### Task description
Print exactly the first lines of the records. Stop after the line containing "children working stacking bricks", and leave every picture out.

### Material for the task
......
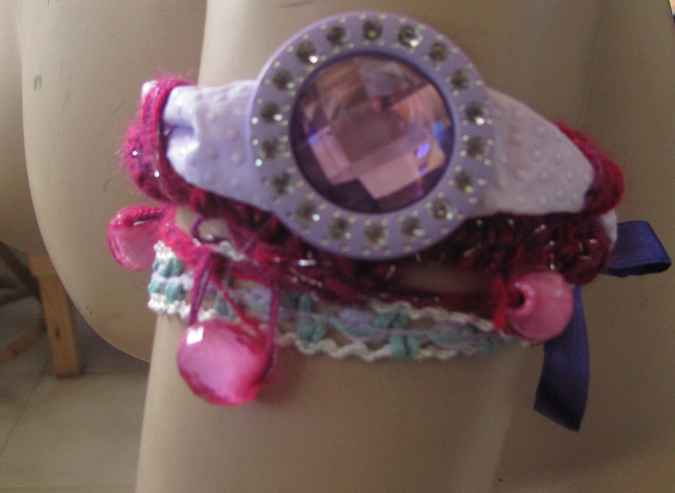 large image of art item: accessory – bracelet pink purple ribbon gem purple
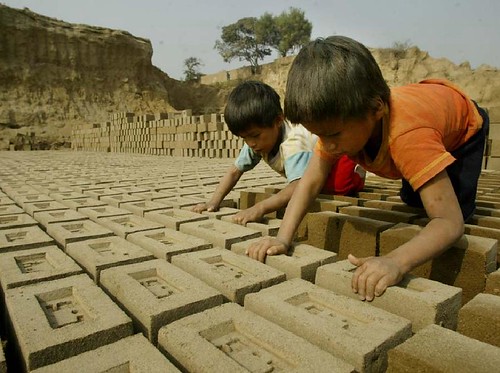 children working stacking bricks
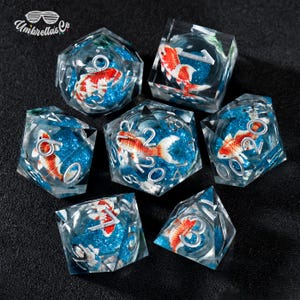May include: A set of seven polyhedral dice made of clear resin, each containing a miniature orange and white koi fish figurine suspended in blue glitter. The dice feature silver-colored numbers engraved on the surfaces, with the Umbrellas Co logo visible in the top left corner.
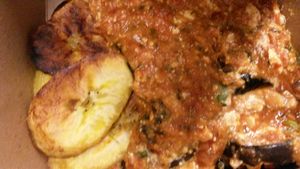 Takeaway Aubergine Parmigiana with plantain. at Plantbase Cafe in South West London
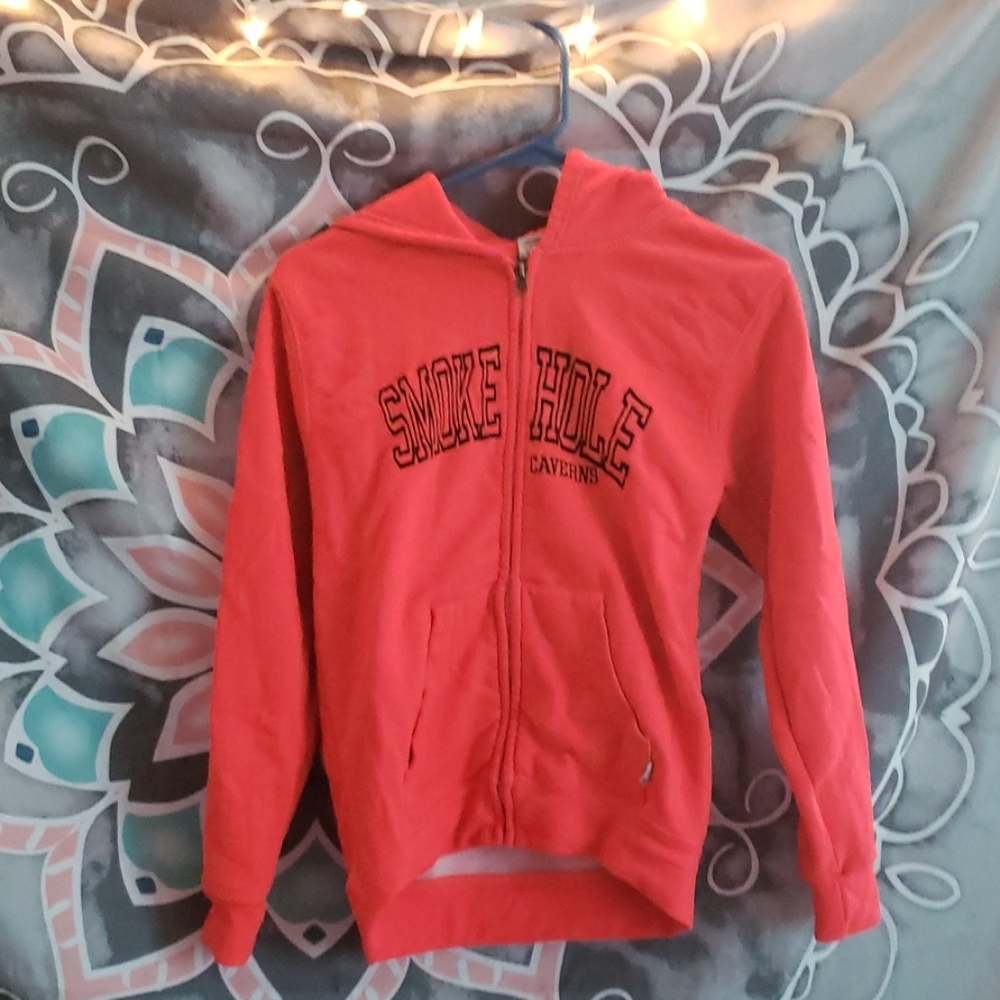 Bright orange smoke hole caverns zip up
......
### Reply
 large image of art item: accessory – bracelet pink purple ribbon gem purple
 children working stacking bricks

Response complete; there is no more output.